**What the task requires**
Each entry must come back word for word; drop the images as you go.

○ ○ ○ ○ ○

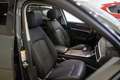 Audi A6 allroad 55 TFSI quattro S tronic 250kW Verde - thumbnail 30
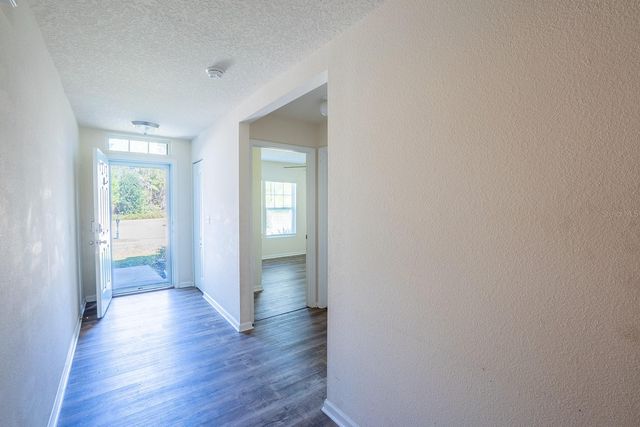 9 GRAND PAR COURT, Bunnell, FL 32110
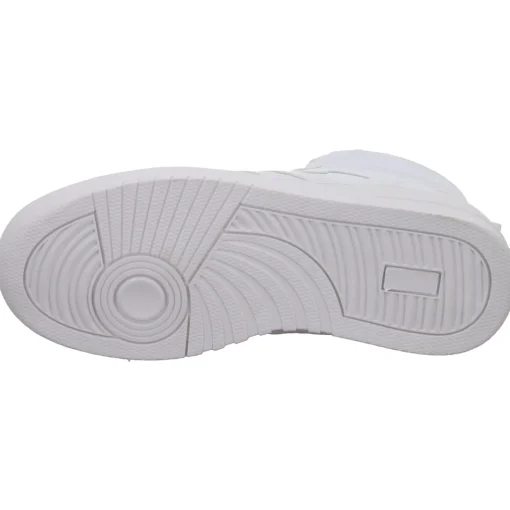 Sneakers Sportstiefelette Training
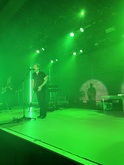 Franz Ferdinand / Telescreens on Mar 26, 2025 [849-small]
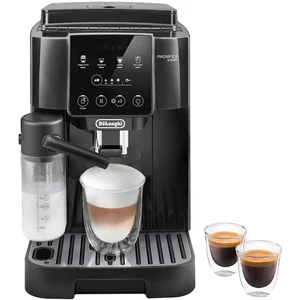 De’Longhi Machine à café à grain DeLonghi Magnifica Start ECAM 220.60.B - noire pas cher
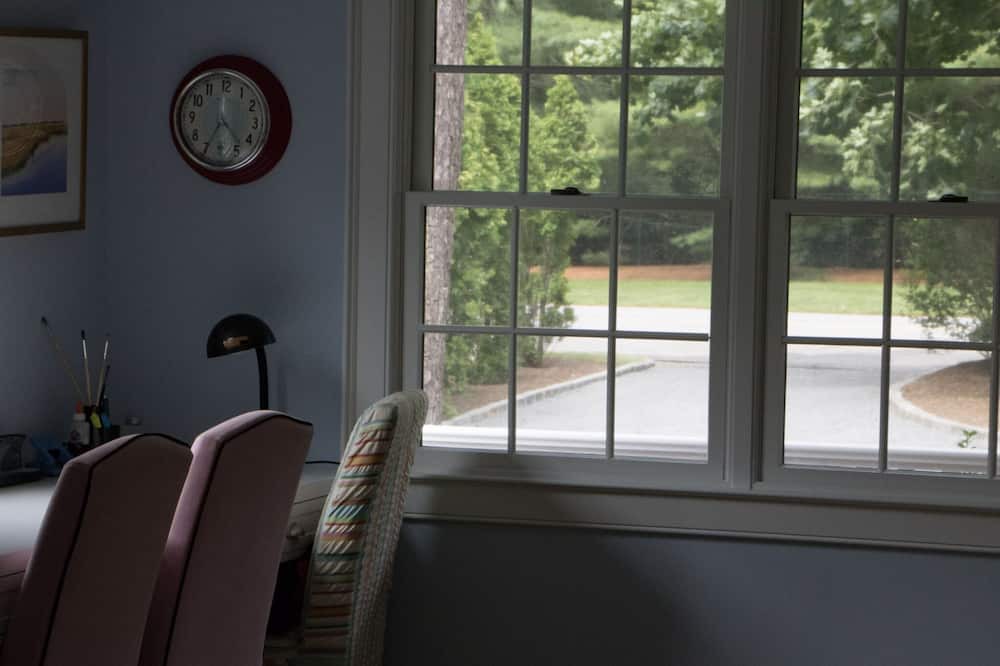 Photo of Bedroom in Quogue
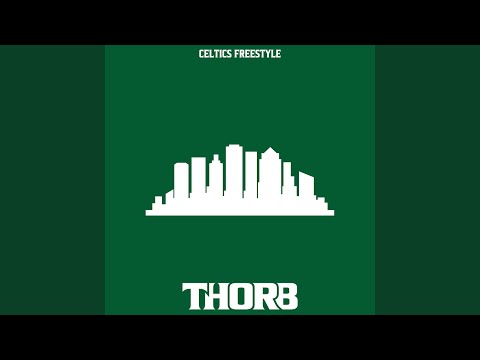 Celtics Freestyle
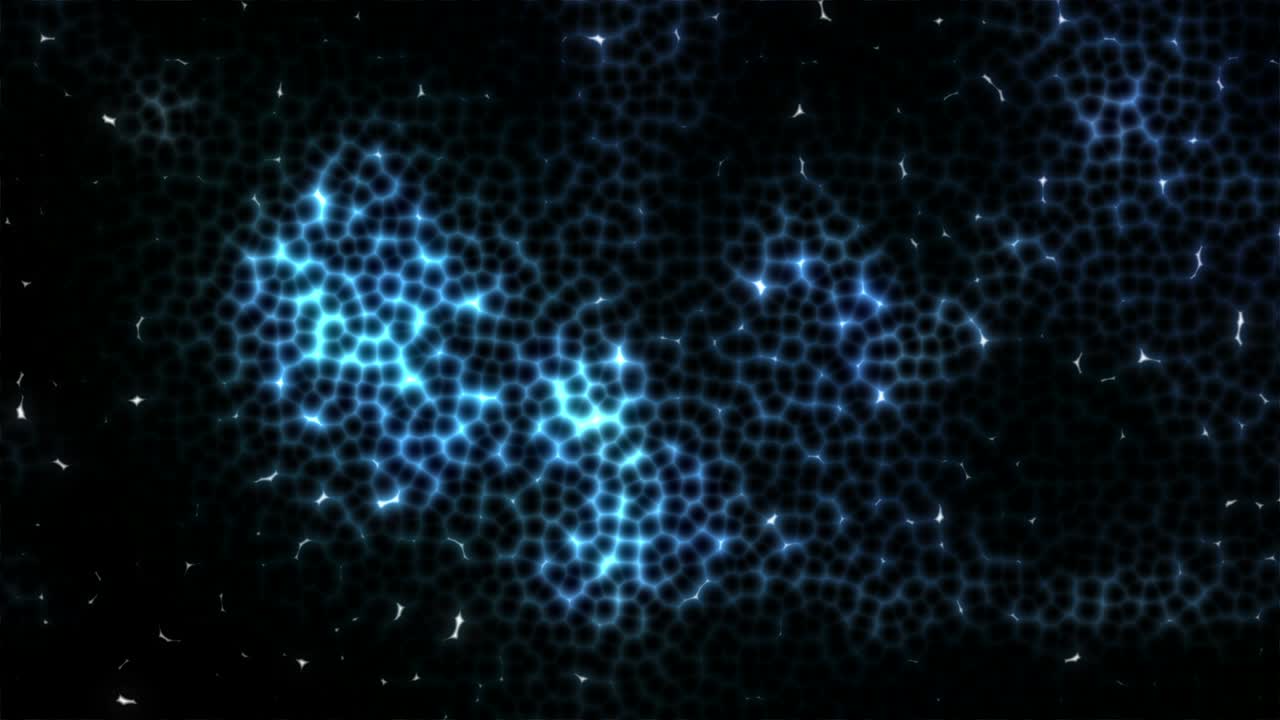 Abstract Background Loop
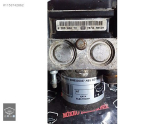 ALFA ROMEO 147 ABS BEYNİ 0265950711 - 0265235357 - 51792630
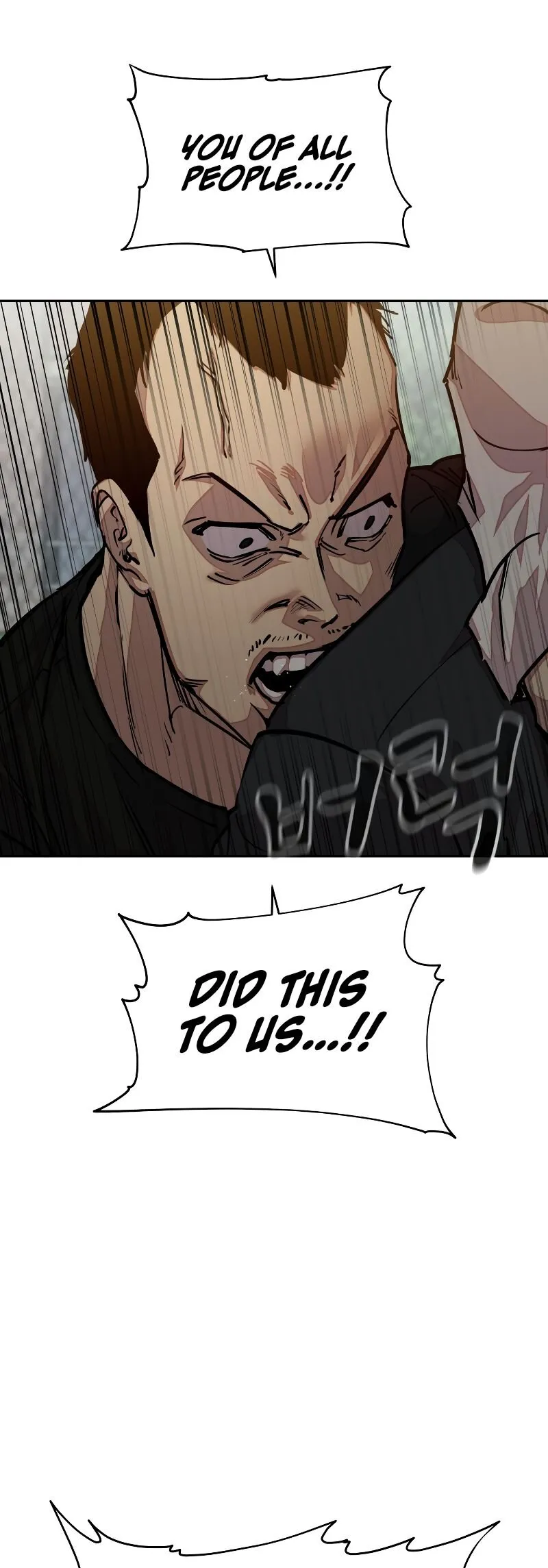 Read Delinquent Comics Survival chapter 11 image 46 on Lezhin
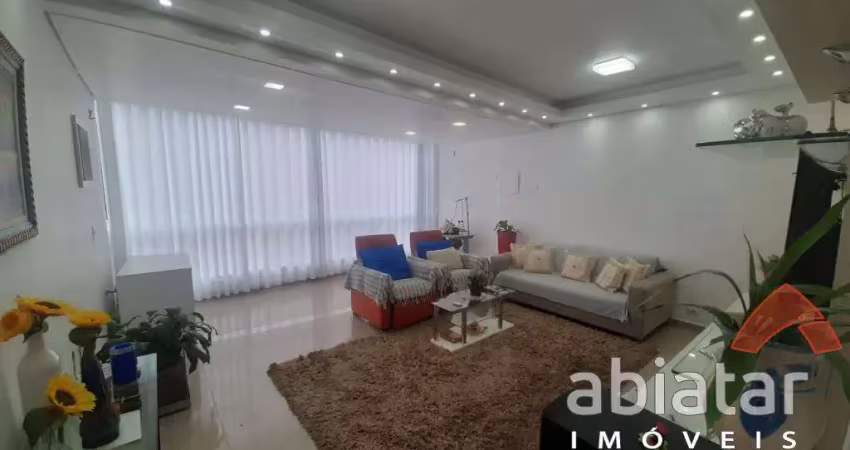 Sobrado de 100m²  com 2 dormitórios -  jardim iracema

○ ○ ○ ○ ○

**Result of the task**
 Audi A6 allroad 55 TFSI quattro S tronic 250kW Verde - thumbnail 30
 9 GRAND PAR COURT, Bunnell, FL 32110
 Sneakers Sportstiefelette Training
 Franz Ferdinand / Telescreens on Mar 26, 2025 [849-small]
 De’Longhi Machine à café à grain DeLonghi Magnifica Start ECAM 220.60.B - noire pas cher
 Photo of Bedroom in Quogue
 Celtics Freestyle
 Abstract Background Loop
 ALFA ROMEO 147 ABS BEYNİ 0265950711 - 0265235357 - 51792630
 Read Delinquent Comics Survival chapter 11 image 46 on Lezhin
 Sobrado de 100m²  com 2 dormitórios -  jardim iracema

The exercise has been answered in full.